«Berufsmörder, Sir?«Der Assistent sah aus, als habe ihn der Assistant Commissioner aufgefordert, die Akten aller polizeilich gemeldeten Marsmenschen zu überprüfen.
«Jawohl, Berufsmörder. Keine Unterweltfiguren, von denen man entweder weiß oder denen zuzutrauen ist, daß sie irgendwann einmal ein Mitglied einer rivalisierenden Gangsterbande umgelegt haben, sondern politische Meuchelmörder, John. Männer, die imstande sind, einen von erfahrenen Sicherheitsbeamten beschützten Politiker oder Staatsmann gegen Geld umzubringen.«»Das klingt aber mehr nach der Stammkundschaft des Sicherheitsdienstes,
Sir.«
«Ja, ich weiß. Ich will die ganze Sache ohnehin an Special Branch abgeben.
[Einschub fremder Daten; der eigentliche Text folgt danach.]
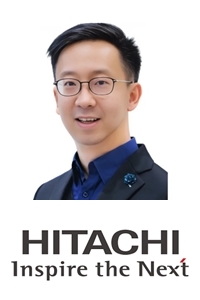 Harris Wai | Head of ICS Bids and Project | Hitachi Rail » speaking at Asia Pacific Rail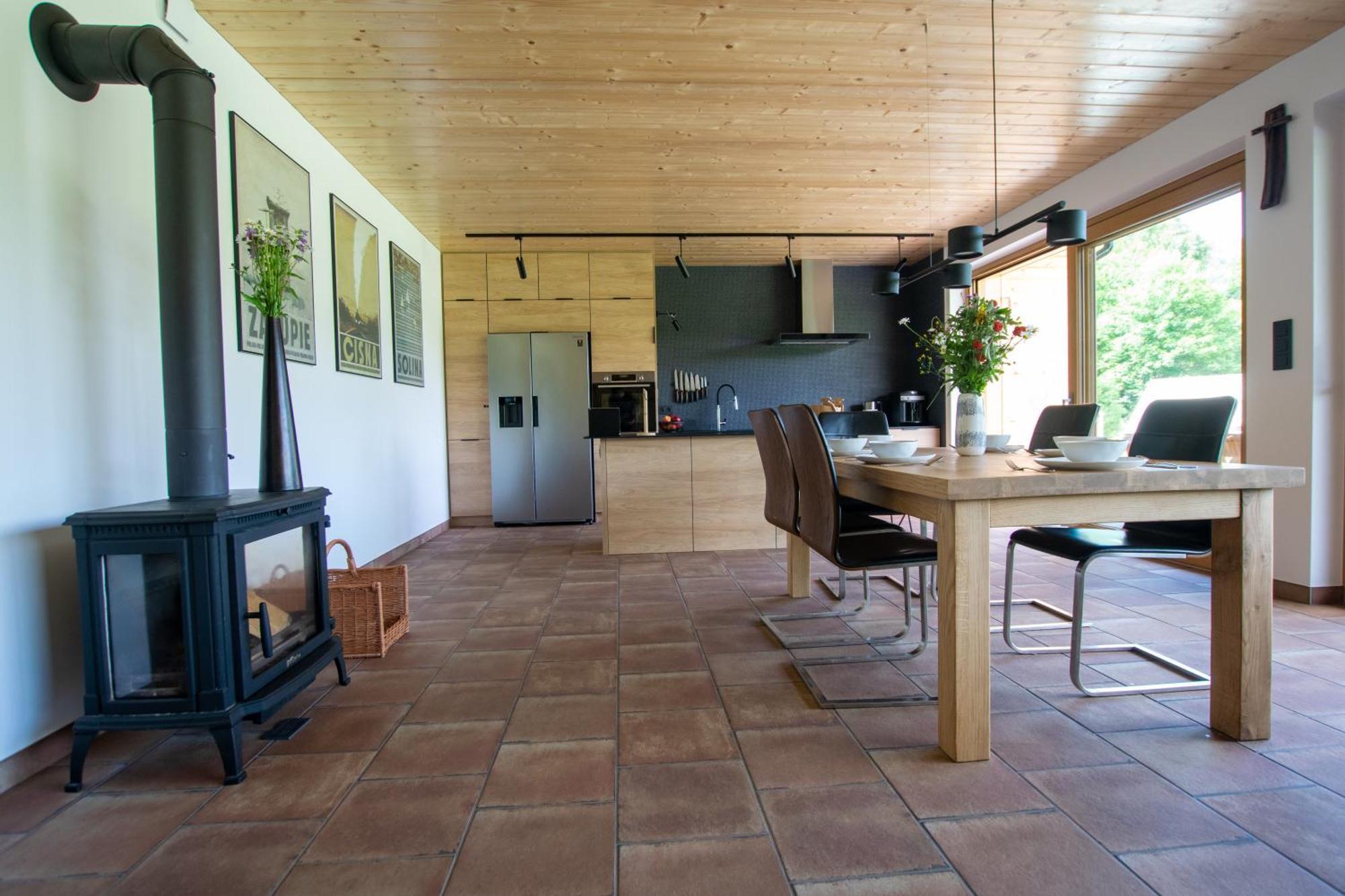 Chatalaba Wetlina Exterior photo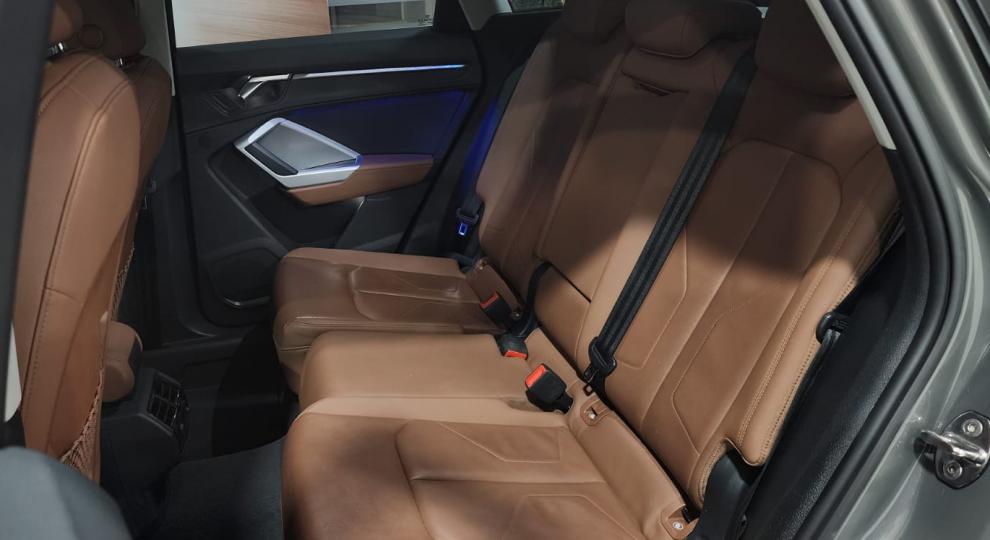 Audi Q3 2021 Cuajimalpa de Morelos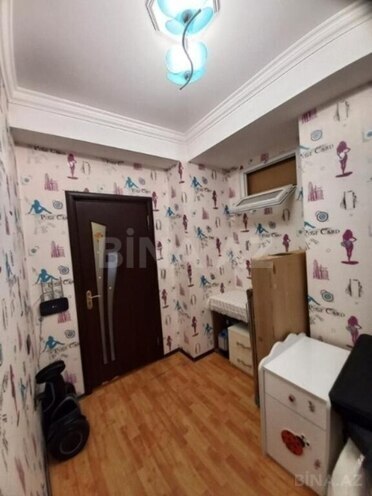 3 otaqlı yeni tikili - Həzi Aslanov m. - 62 m² (9)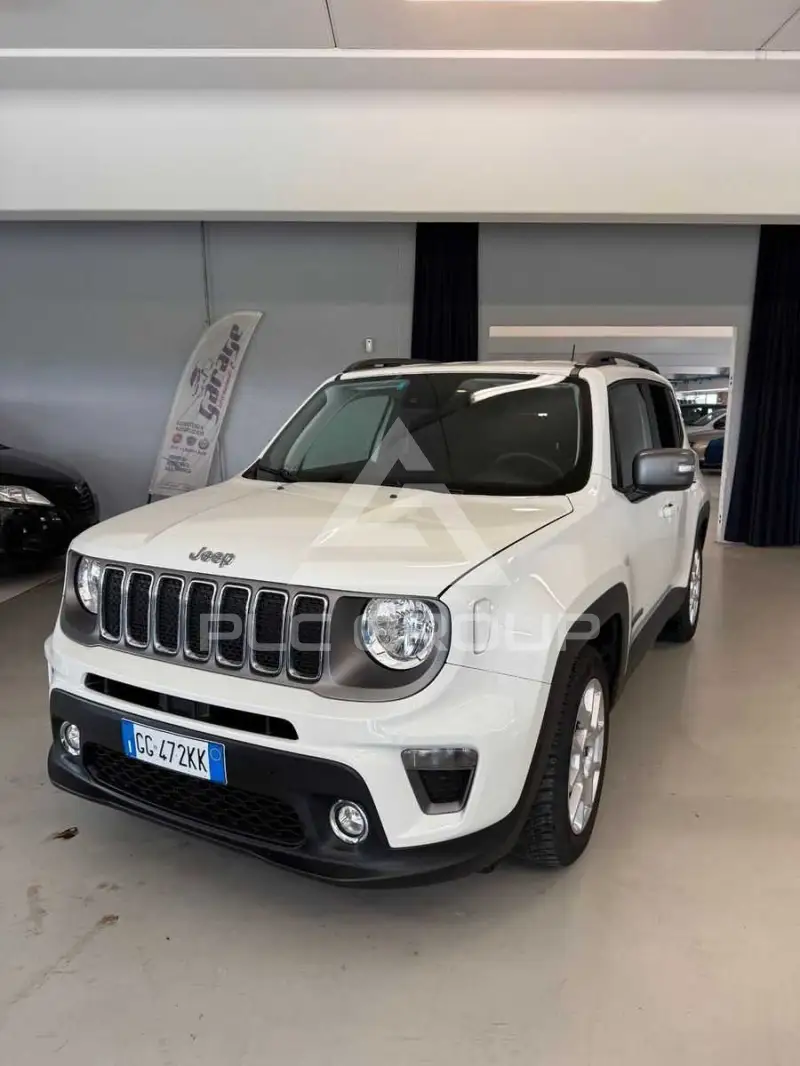 2021 Jeep Renegade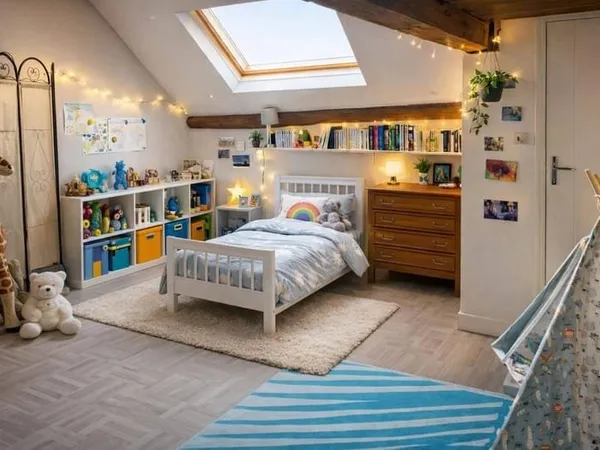 Duplex 3 pièces 79 m²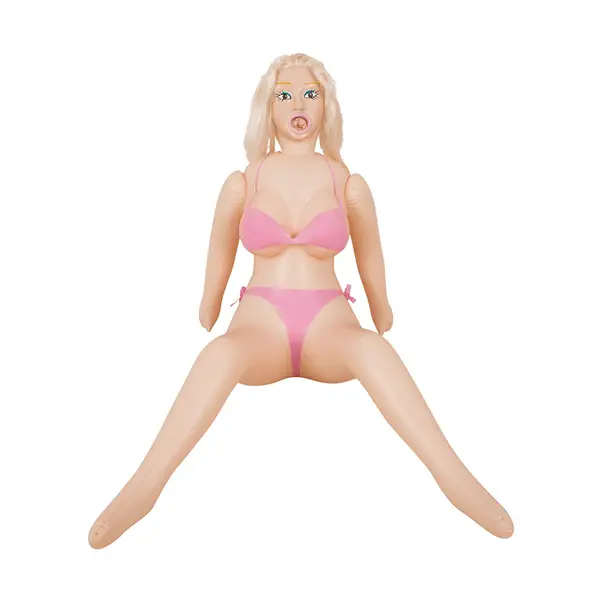 Кукла с големи гърди Bridget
Aber vorher müssen wir eine gründliche Routineüberprüfung veranlassen. O ja, fast hätte ich es vergessen: Bis Mittag möchte ich die Auskunft erhalten haben, O.K.?«
«Ja, Sir. Ich werde mich sofort darum kümmern.«
Fünfzehn Minuten später nahm Assistant Commissioner Mallinson auf seinem gewohnten Platz an der morgendlichen Besprechung teil.
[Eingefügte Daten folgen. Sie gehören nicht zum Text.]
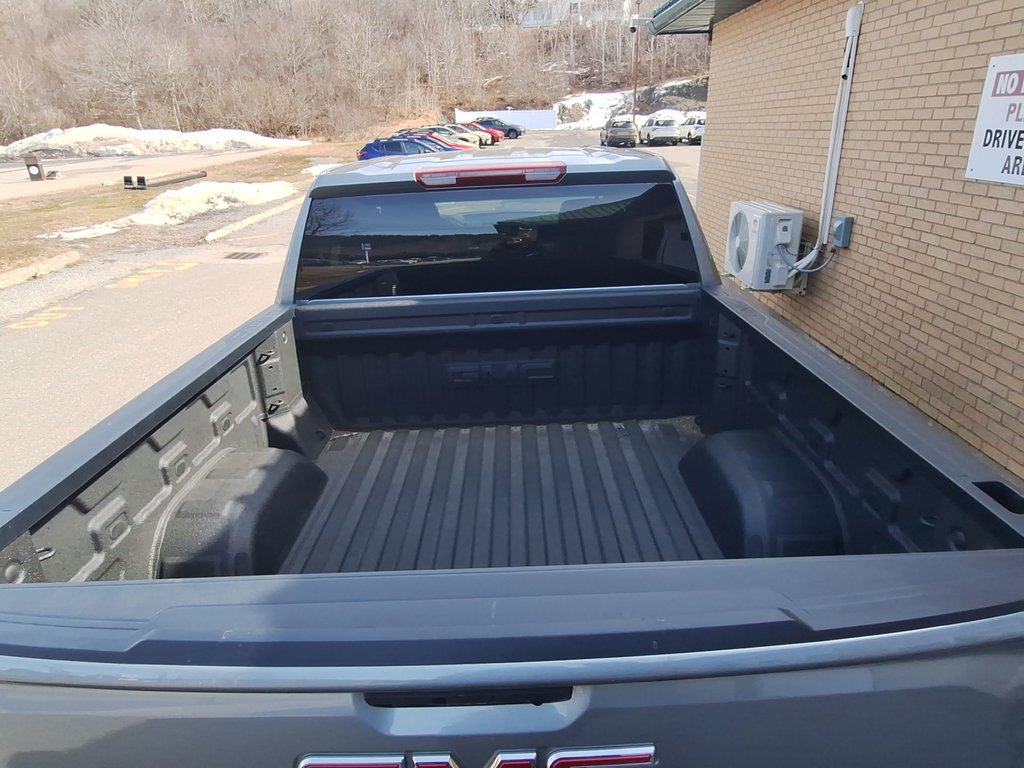 GMC Sierra 1500 Elevation | Cam | HtdSeat | USB | Warranty to 2029 2024 à Saint John, Nouveau-Brunswick - 37 - w1024h768px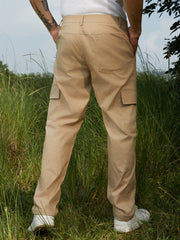 Lightweight - Slim-Fit Utility Trousers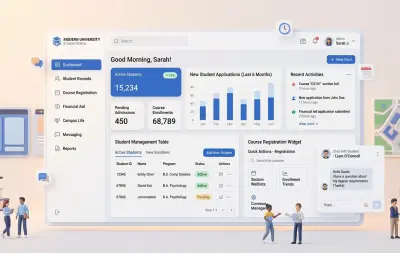 student affairs system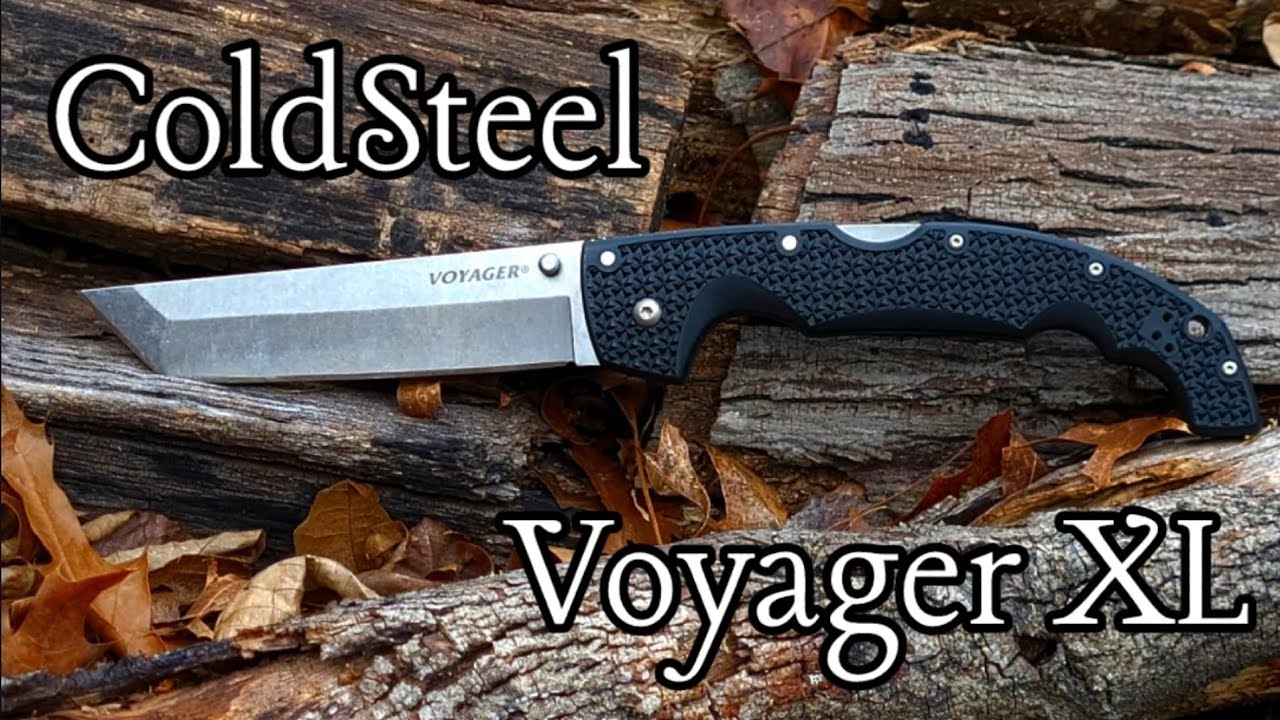 ColdSteel Voyager XL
In sein Büro zurückgekehrt, überflog er die Post, schob sie dann zur Seite und ließ sich von seinem Assistenten eine Schreibmaschine bringen. Er setzte einen kurzen Bericht an den Commissioner auf, in dem er sowohl den Anruf, der ihn am frühen Morgen in seinem Haus erreichte, als auch das Gespräch erwähnte, das um 9 Uhr über das Interpol-Netz geführt worden war, und Lebels Ansuchen näher erklärte. Dann schloß er das MemorandenFormblatt, dessen unteren Teil er freigelassen hatte, in seiner Schreibtischlade ein und wandte sich der täglichen Routinearbeit zu.
Kurz vor zwölf erschien der Assistent.
«Superintendent Markheim hat eben angerufen«, sagte er.»Im Archiv existiert keine Kriminalakte, die auf die Beschreibung paßt. Siebzehn auf Kontraktbasis arbeitende Killer, allesamt aus der Unterwelt, Sir; zehn im Zuchthaus und sieben in Freiheit. Aber sie arbeiten ausschließlich für die organisierten Gangsterbanden, entweder hier in London oder in den anderen großen Städten. Der Super sagt, daß keiner von ihnen für einen Attentatsjob gegen einen Politiker auf Staatsbesuch in Betracht kommt. Auch er schlägt vor, daß Sie sich an Special Branch wenden, Sir.«
«Gut, John, ich danke Ihnen. Das ist alles, was ich wissen wollte.«
Als der Assistent das Zimmer verlassen hatte, holte Mallinson das angefangene Memorandum aus der Schreibtischlade und spannte es nochmals in die Maschine ein.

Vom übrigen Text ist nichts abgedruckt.